## Instructions for the task:
Only the lines from the line with "Grazzia Deluxe Apartments" through the end of the records belong in your reply, copied exactly, with every picture left out.

Data extracted from a collection
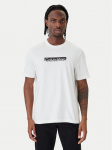 Calvin Klein T-s&auml;rk LV04LF812G Valge Regular Fit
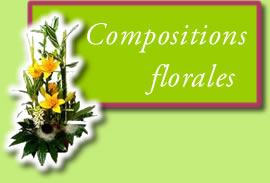 Compositions florales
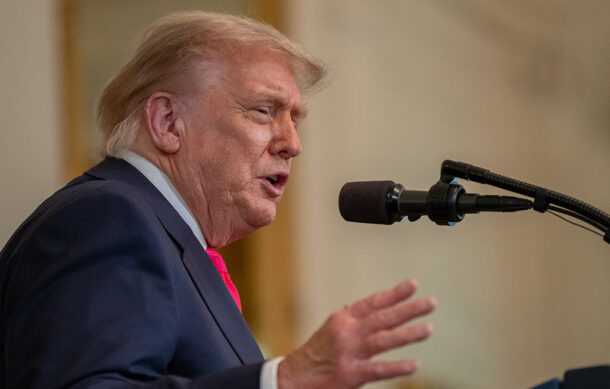 Trump amenaza con aranceles del 25 % a Japón y Corea del Sur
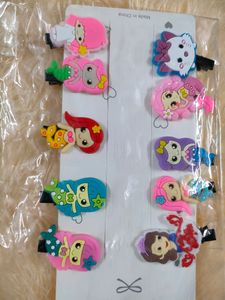2 Cute Hair Clip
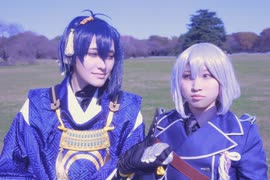 【刀剣乱舞】足利宝剣でニア【踊ってみた】
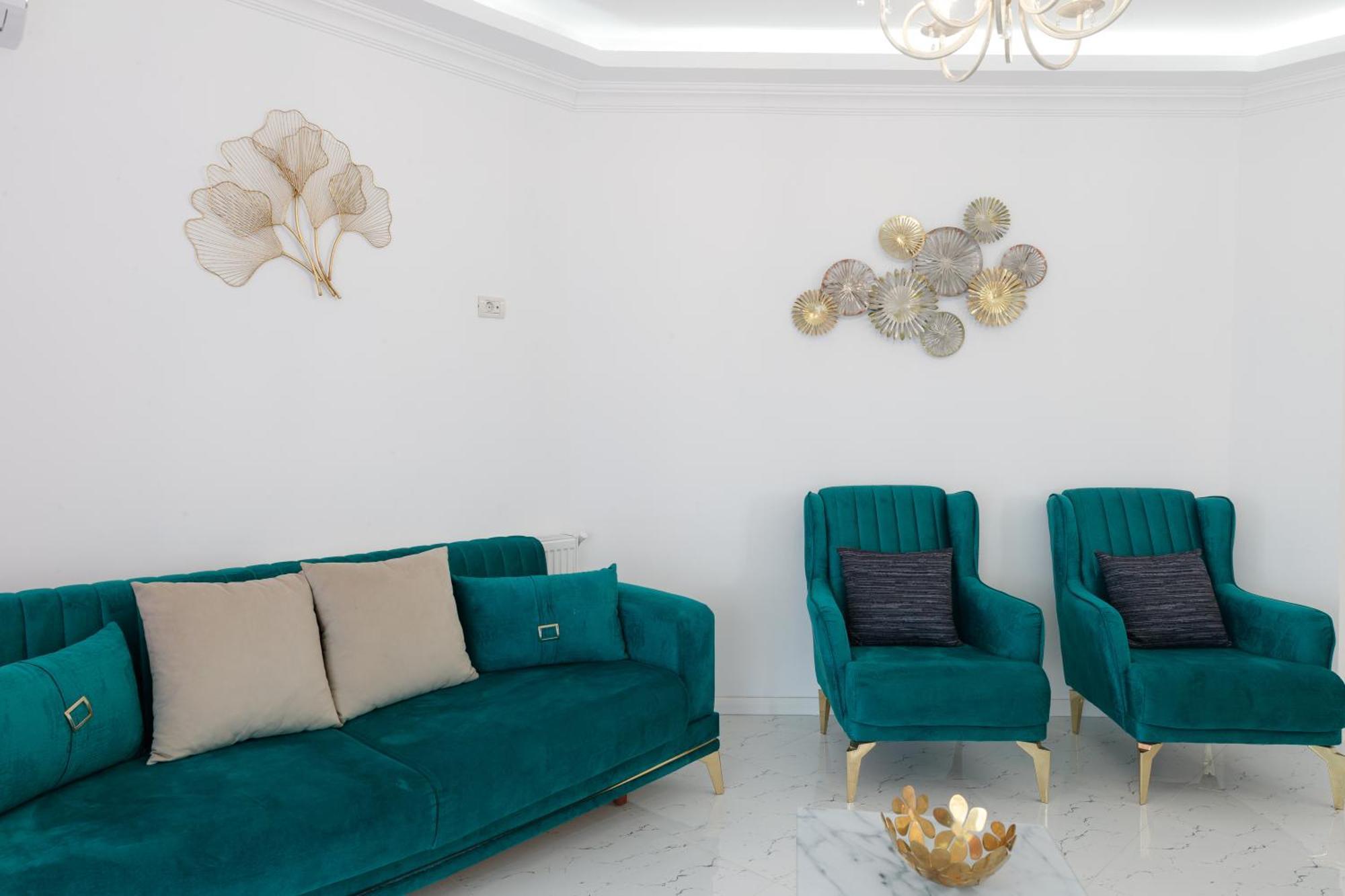 Grazzia Deluxe Apartments Navodari Exterior photo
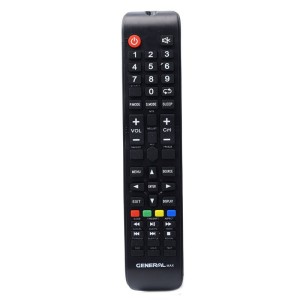 کنترل General Max ۱۰۷۸ گیرنده X-Star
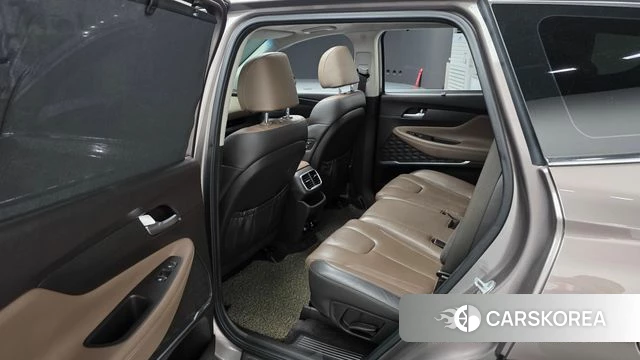 Hyundai Santa Fe TM id 4944356 из Кореи 7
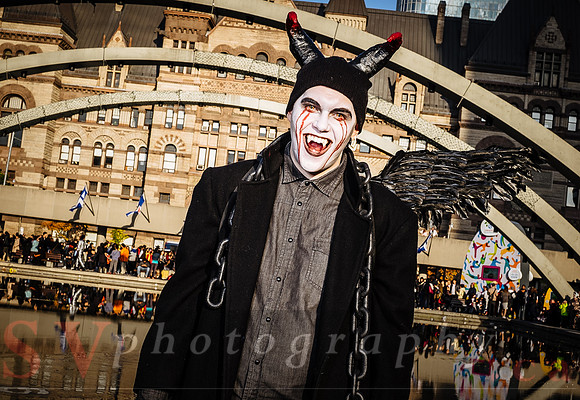 Toronto Zombie Walk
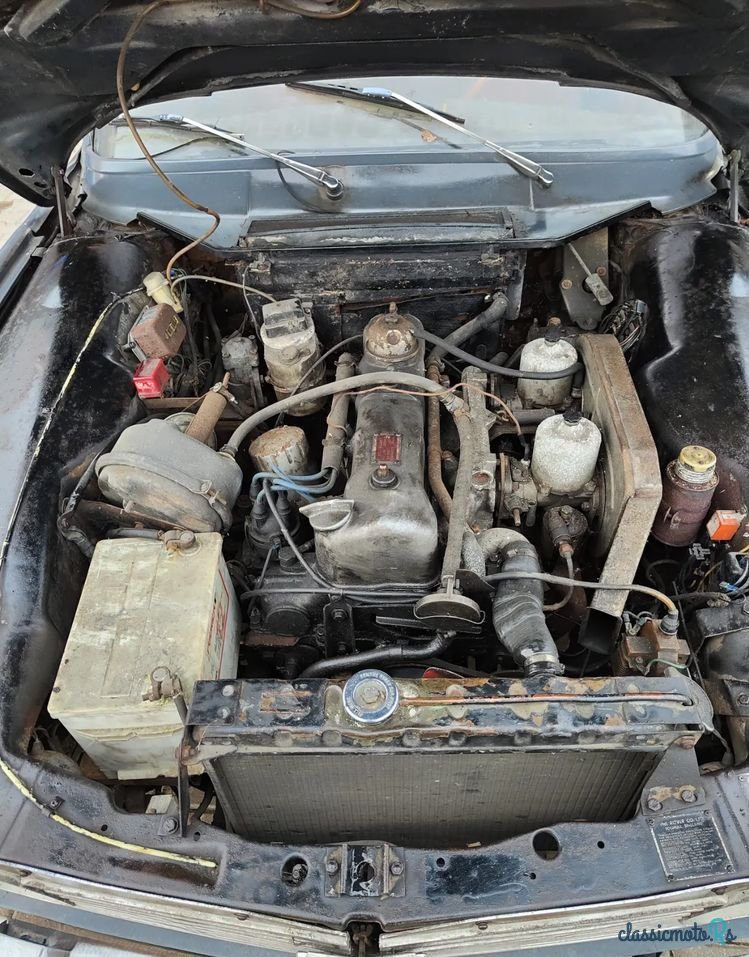 1966' Rover photo #6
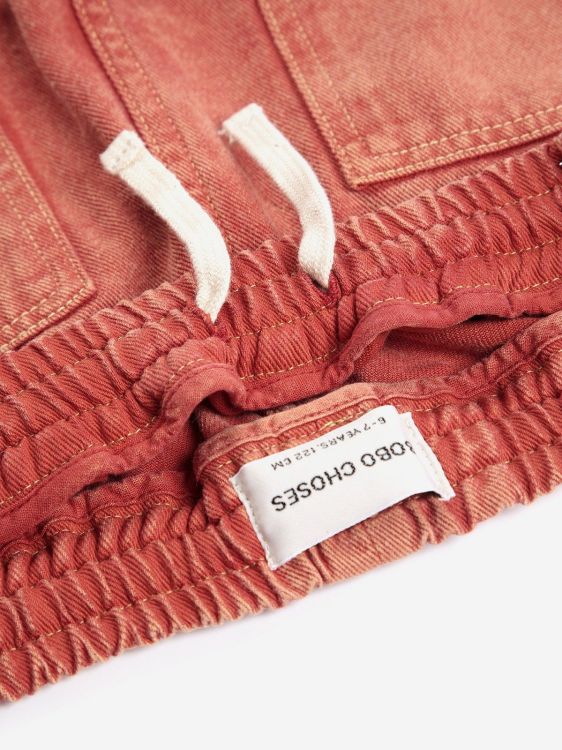 (Bobo Choses - Twill Pants Taxi Saurus Ta) - La Gamba Rossa Kortrijk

## Expected output:
 Grazzia Deluxe Apartments Navodari Exterior photo
 کنترل General Max ۱۰۷۸ گیرنده X-Star
 Hyundai Santa Fe TM id 4944356 из Кореи 7
 Toronto Zombie Walk
 1966' Rover photo #6
 (Bobo Choses - Twill Pants Taxi Saurus Ta) - La Gamba Rossa Kortrijk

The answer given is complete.